Android launch sequence¶
The Android launch sequence is three steps — create, register, start — plus one mandatory wiring: tell WorkManager to use Backgrounder's WorkerFactory via Configuration.Provider.
import androidx.work.Configuration
import com.happycodelucky.backgrounder.Backgrounder
import com.happycodelucky.backgrounder.androidWorkerFactory
import com.happycodelucky.backgrounder.create
class MyApp : Application(), Configuration.Provider {
lateinit var backgrounder: Backgrounder
override fun onCreate() {
super.onCreate()
// 1. Construct. Eagerly sweeps any ephemeral work from prior runs.
// Does NOT trigger WorkManager.getInstance() — that's lazy until
// Configuration.Provider has had a chance to install our factory.
backgrounder = Backgrounder.create(application = this)
// 2. Register every BackgroundWorker factory. The closure is yours —
// resolve dependencies through whatever DI graph your app uses.
backgrounder.register(SyncWorker.ID) { SyncWorker(repo = appGraph.repo) }
backgrounder.register(UploadWorker.ID) {
UploadWorker(api = appGraph.api, retryPolicy = appGraph.retryPolicy)
}
// 3. Start. Seals the registry; flips the ready gate so workers
// enqueued before this point may now dispatch.
backgrounder.start()
}
// Tell WorkManager to use Backgrounder's WorkerFactory. Required.
// Compose with Hilt's HiltWorkerFactory via DelegatingWorkerFactory if
// you also use Hilt — see Concepts → Worker context & DI.

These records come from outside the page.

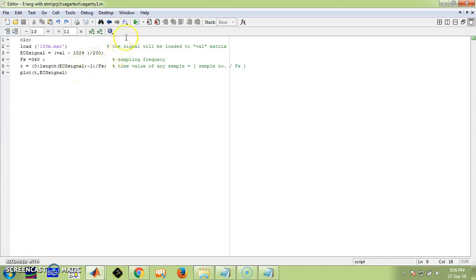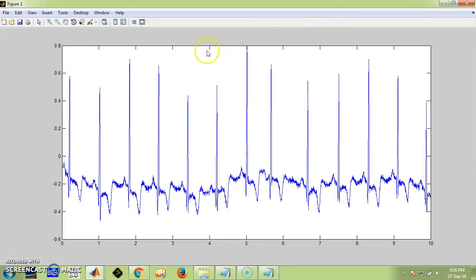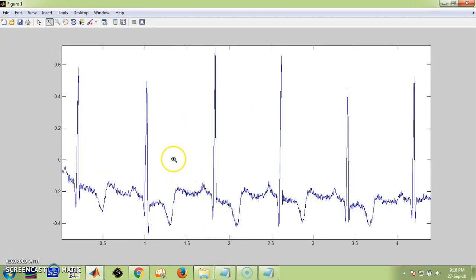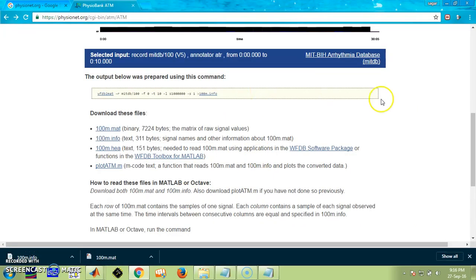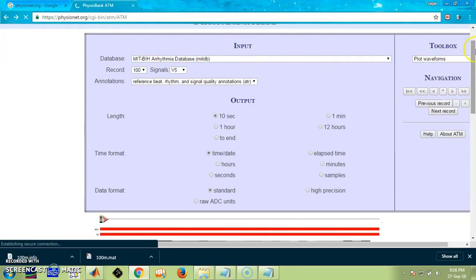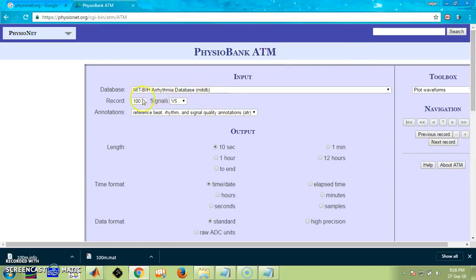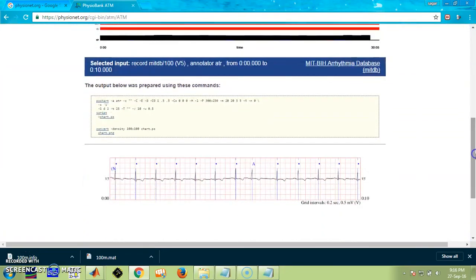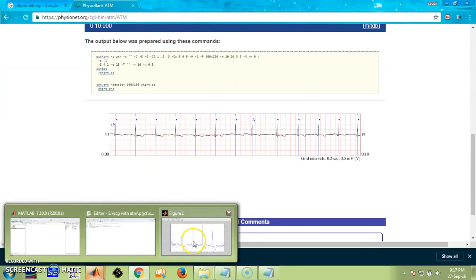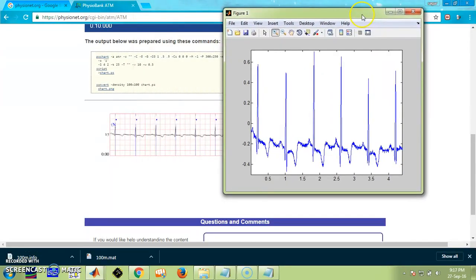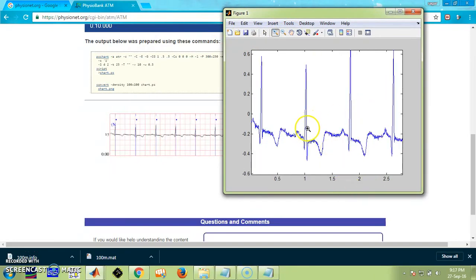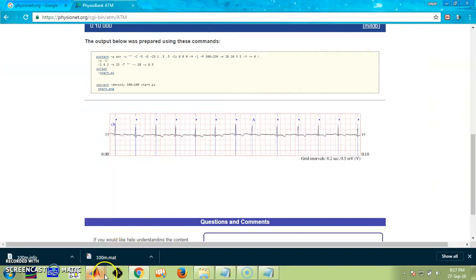Once we save the file, just click the run button, and this is the database plotted. To cross-check, I am going to show you the same database plotted in the online viewer on PhysioBank — the same record 100, V5. Here is the database in the online viewer and here is the MATLAB plot. We can compare the two — they are the same. At the start there is a small shape in both, so there is no mismatch. The database plotted in MATLAB is the exact plot of the online database.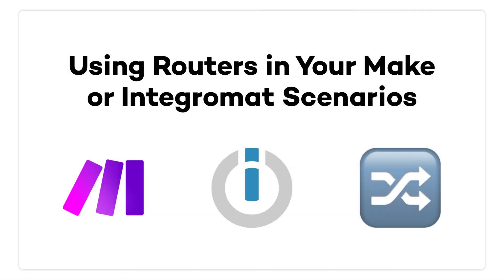Hello and welcome to another X-Ray Tech video. In this tutorial, I'm going to show you how to use routers in your Make scenarios. Adding paths with a router lets you build more versatile automations that can respond to a variety of different inputs and circumstances.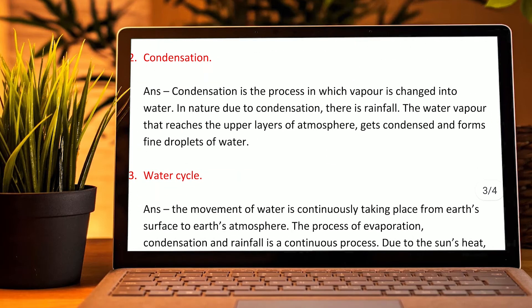Condensation: Condensation is the process in which vapour is changed into water. In nature, due to condensation, there is rainfall. The water vapour that reaches the upper layer of the atmosphere gets condensed and forms fine droplets of water.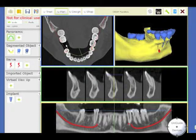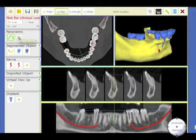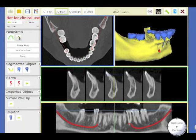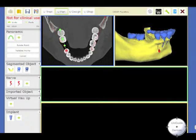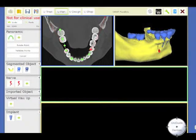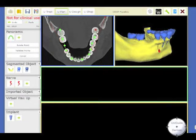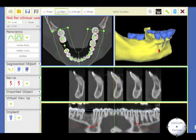For this, you have to follow the step-by-step procedure. You go to Panoramic and in the center of each tooth, you are going to put a point. This will draw a new curve — a new panoramic curve — which is different from the curve that you use when you want to build up a nerve.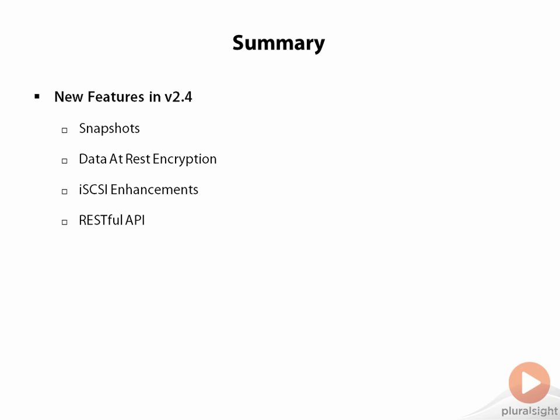This will open up XtremeIO into a lot of automation tools, as well as to custom written tools and dashboards and things like that, that many organizations use. Again, if you're interested in this, go grab the API or the RESTful API guide from support.emc.com.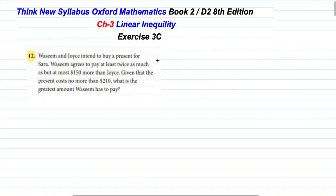Bismillahirrahmanirrahim, Assalamualaikum students. Today I'm going to solve Exercise 3.3 question of Oxford Mathematics grade 8 edition. Before starting the question, I request you please subscribe to my channel and press the bell icon button.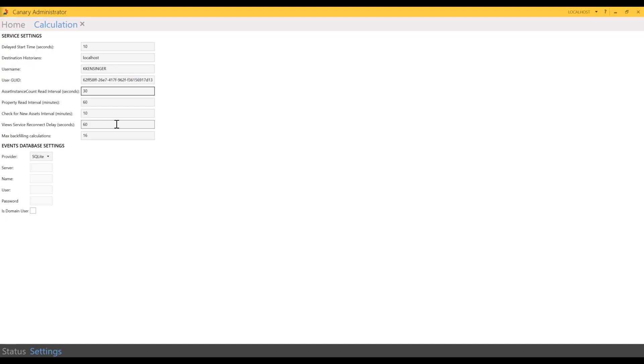Now if the calc service disconnects from the view service, it will try every 60 seconds to reconnect by default. Again, you can change that interval.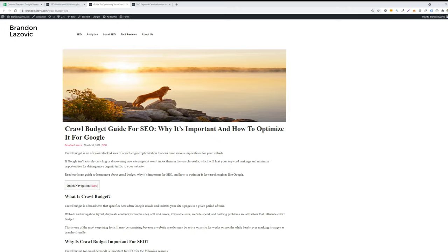What is up ladies and gentlemen, welcome back for another search engine optimization tip video. Today I'll be walking through crawl budget for SEO: what it is, why it's important, and how to optimize it for Google.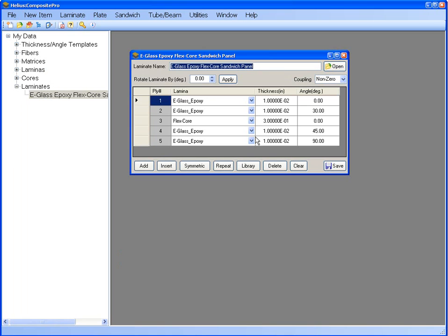The sandwich panel we will analyze has the predefined flex core material as the core and uses e-glass epoxy for the top and bottom face sheets. However, the layup angles for the top and bottom face sheets are different so that the panel is asymmetric.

override val workManagerConfiguration: Configuration get() =
Configuration.Builder()
.setWorkerFactory(backgrounder.androidWorkerFactory())
.build()
}
AndroidManifest¶
Disable WorkManager's default auto-init, which is mandatory whenever you implement Configuration.Provider:
<provider
android:name="androidx.startup.InitializationProvider"
android:authorities="${applicationId}.androidx-startup"
tools:node="merge">
<meta-data
android:name="androidx.work.WorkManagerInitializer"
android:value="androidx.startup"
tools:node="remove" />
</provider>
Without this, WorkManager's auto-init content provider runs before Application.onCreate and locks the Configuration to its defaults — your workManagerConfiguration override would never be consulted.
Construction order matters¶
Configuration.Provider.workManagerConfiguration is invoked the first time anyone calls WorkManager.getInstance(context). The user must have constructed backgrounder = Backgrounder.create(this) before that happens — otherwise androidWorkerFactory() has nothing to return.
In practice this means: construct backgrounder before super.onCreate() returns. The snippet above puts it right after super.onCreate(), which is well within the window. Hilt has the same constraint for the same reason.
What runs where¶
RegistryDispatchWorker(the single Worker class registered with WorkManager) is dispatched on WorkManager's executor — effectivelyDispatchers.Default.- The worker's
execute()runs on a coroutine that inherits that dispatcher; switch withwithContext(Dispatchers.IO)for blocking IO. - Logs from inside the worker are tagged
Backgrounder/<taskId>(Kermit) and the thread is namedBackgrounder/<taskId>for the duration ofexecute(). This is the mitigation for the single-bridge-worker design — every log includes the task id even though the Worker class is the same for every task.
Multi-process apps¶
Backgrounder.create(application) must be called in Application.onCreate (which runs in every process — main and :remote), not from an androidx.startup initializer (which doesn't run in non-main processes). The factory closure pattern works the same in every process — each process holds its own Backgrounder instance, but they share the same WorkManager database, so scheduled work is consistent across processes.